Pictures aside, write every record out again word for word.

#### Dataset records ####

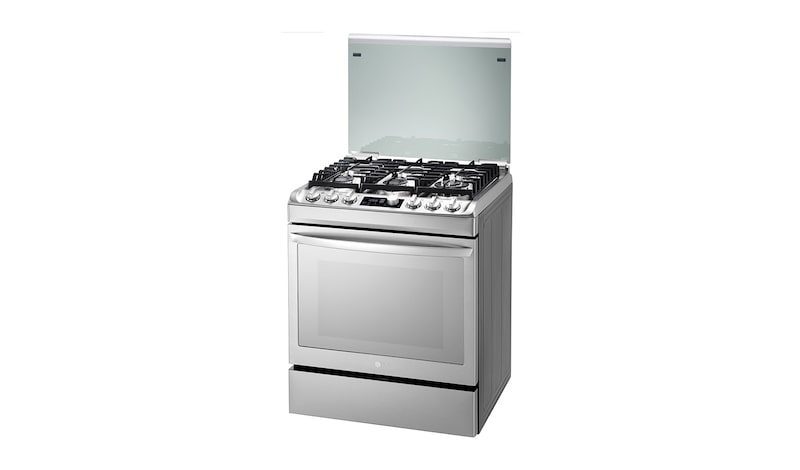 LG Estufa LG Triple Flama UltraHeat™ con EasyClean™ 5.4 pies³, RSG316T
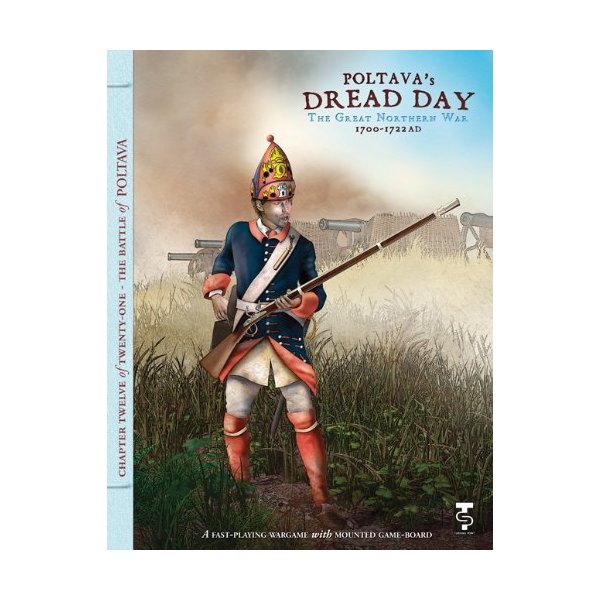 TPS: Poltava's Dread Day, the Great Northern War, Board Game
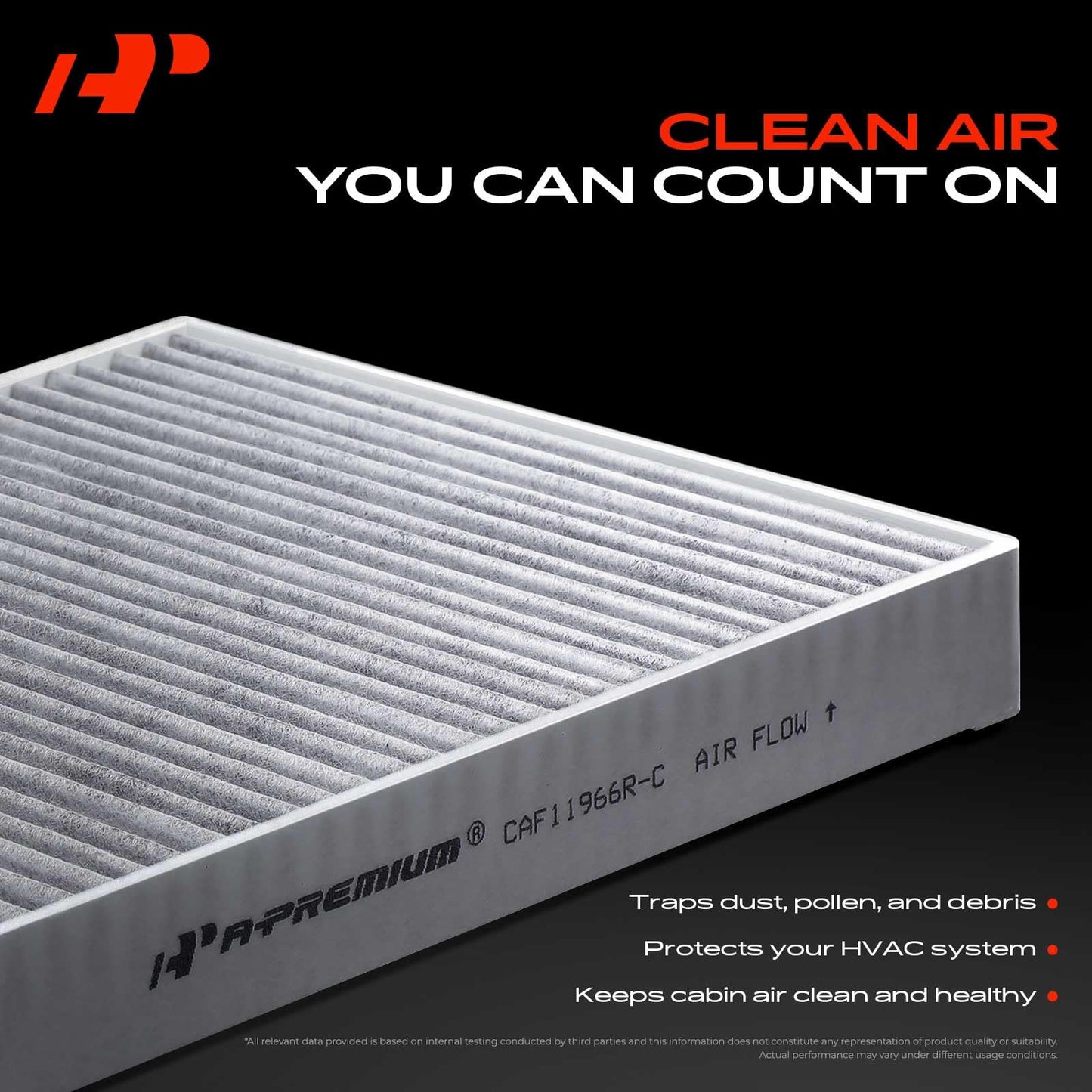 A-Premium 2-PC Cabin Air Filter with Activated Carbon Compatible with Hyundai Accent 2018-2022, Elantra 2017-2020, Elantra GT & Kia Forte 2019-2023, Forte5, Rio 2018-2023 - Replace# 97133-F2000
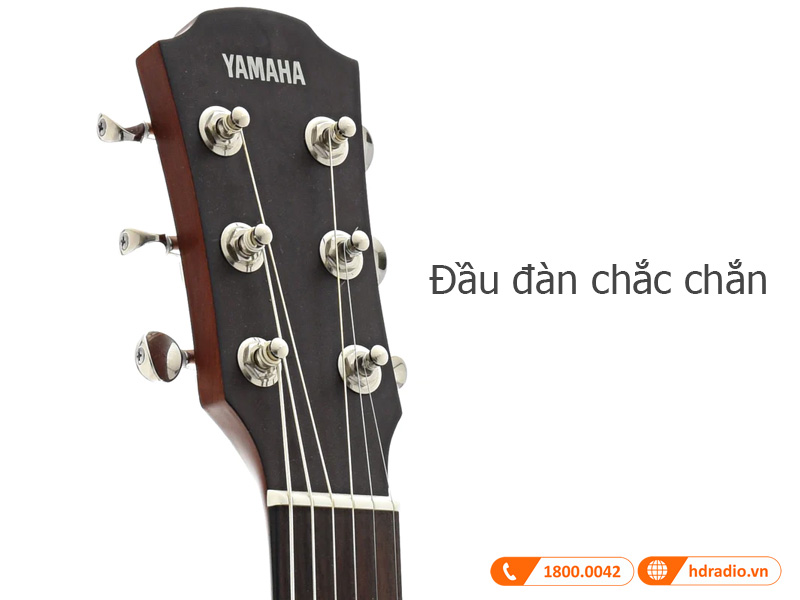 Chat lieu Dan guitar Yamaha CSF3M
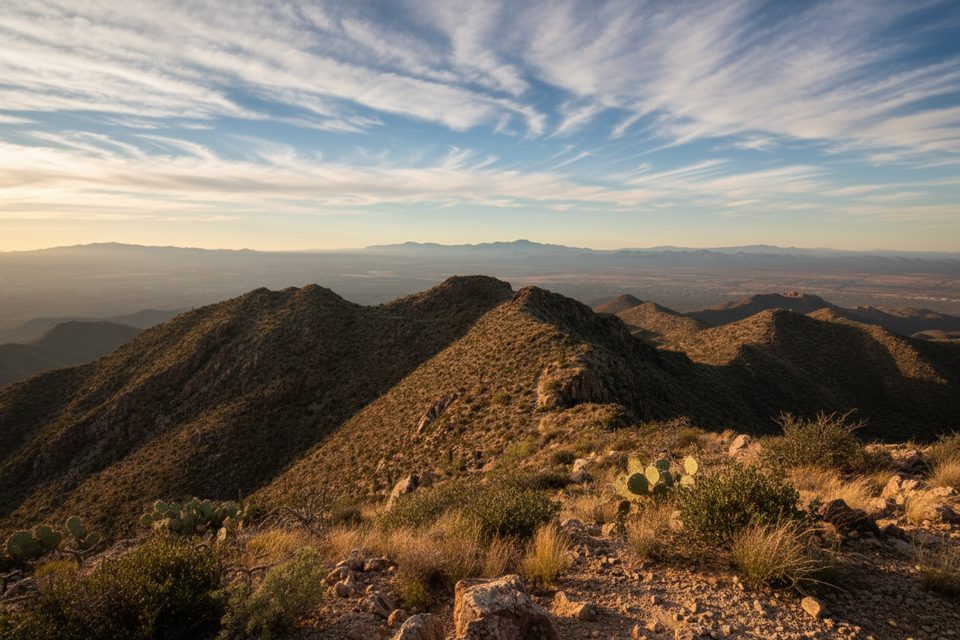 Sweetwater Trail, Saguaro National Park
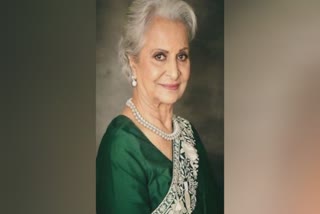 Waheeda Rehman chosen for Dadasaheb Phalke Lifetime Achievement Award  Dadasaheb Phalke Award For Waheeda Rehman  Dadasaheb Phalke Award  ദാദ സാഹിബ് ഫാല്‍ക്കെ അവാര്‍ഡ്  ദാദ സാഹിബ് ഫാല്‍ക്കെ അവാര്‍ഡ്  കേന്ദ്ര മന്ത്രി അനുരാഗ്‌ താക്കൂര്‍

####

● **Answer to this task**:
 LG Estufa LG Triple Flama UltraHeat™ con EasyClean™ 5.4 pies³, RSG316T
 TPS: Poltava's Dread Day, the Great Northern War, Board Game
 A-Premium 2-PC Cabin Air Filter with Activated Carbon Compatible with Hyundai Accent 2018-2022, Elantra 2017-2020, Elantra GT & Kia Forte 2019-2023, Forte5, Rio 2018-2023 - Replace# 97133-F2000
 Chat lieu Dan guitar Yamaha CSF3M
 Sweetwater Trail, Saguaro National Park
 Waheeda Rehman chosen for Dadasaheb Phalke Lifetime Achievement Award  Dadasaheb Phalke Award For Waheeda Rehman  Dadasaheb Phalke Award  ദാദ സാഹിബ് ഫാല്‍ക്കെ അവാര്‍ഡ്  ദാദ സാഹിബ് ഫാല്‍ക്കെ അവാര്‍ഡ്  കേന്ദ്ര മന്ത്രി അനുരാഗ്‌ താക്കൂര്‍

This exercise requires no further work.